2 Advanced techniques

2.1 Differential troubleshooting

I find this technique absolutely essential for dealing with fires in the companies' attics. It is simple, but exceedingly efficient. In short, it's a way of reasoning based around questions:

Anomaly was reported at 10am, what log messages appeared (or disappeared) around this time?
It worked before release R, and it doesn't work now. What is the delta of the release R?
It works with data A, but not data B. What is the delta between requests A and B?
…

In other words, you need to find how the anomaly changes the behavior of the system. The more specific your questions become, the smaller is your search space. Your goal is to narrow down the difference between working and broken state of the system to the smallest possible set.

Importance of this method is based on the assumption that any production system is mostly correct in a sense that it exhibits somewhat sane behavior in 90% of cases. If it was more broken than that, nobody would expect it to work in the first place. Therefore, trying to find an error simply by following the common code path is fruitless, because this code path is most likely correct.

2.2 Bisection

Typically requests have to travel through lots of individual services, message brokers, functions and layers of abstraction.
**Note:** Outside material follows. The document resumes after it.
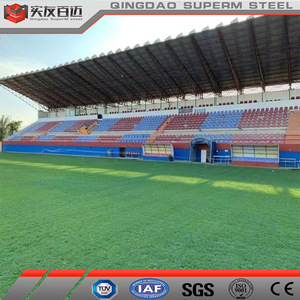 China Marco de acero ligero Edificio deportivo Prefabricado Gimnasio Edificio Estructura de acero <span class=keywords><strong>Estadio</strong></span> para la venta - Product Image 6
As usual, bisection is the quickest method of pinpointing the place in the code that corrupts the data. Instead of following the request from the gateway proxy to the database, try to find what's going on approximately in the middle between them. Is data already corrupted there?
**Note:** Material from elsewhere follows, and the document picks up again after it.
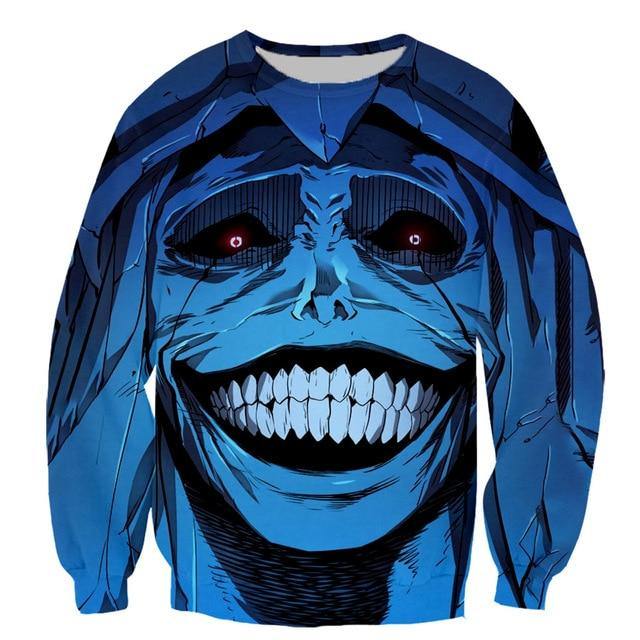 Solo Leveling Statue of God Sweatshirt XS Official Solo Leveling Merch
2.3 Surprisal maximization

Wikipedia gives the following definition of surprisal:

The information content (also called the surprisal) of an event E is a function which decreases as the probability p(E) of an event increases.

When analyzing a broken request, or broken data, or broken code, try finding the most distinct ("surprisal") part of it. Suppose you're looking at some problematic data similar to this:

id	345637
code	3
errandno	6422

Grepping project sources for the field name "code" will likely yield thousands of results. Searching for "id" will probably yield even more. On the other hand, "errandno" field (whatever it means doesn't matter) is pretty uncommon. It's not even an English word, which makes it even better for our purposes. Search for "errandno" in the company's source code index and you will likely find just 3 or 4 entries. One of them will point at the origin of the wrong data. Now what about integer values? Searching for 3 in the logs will give you millions of irrelevant results. So start from looking for value 345637.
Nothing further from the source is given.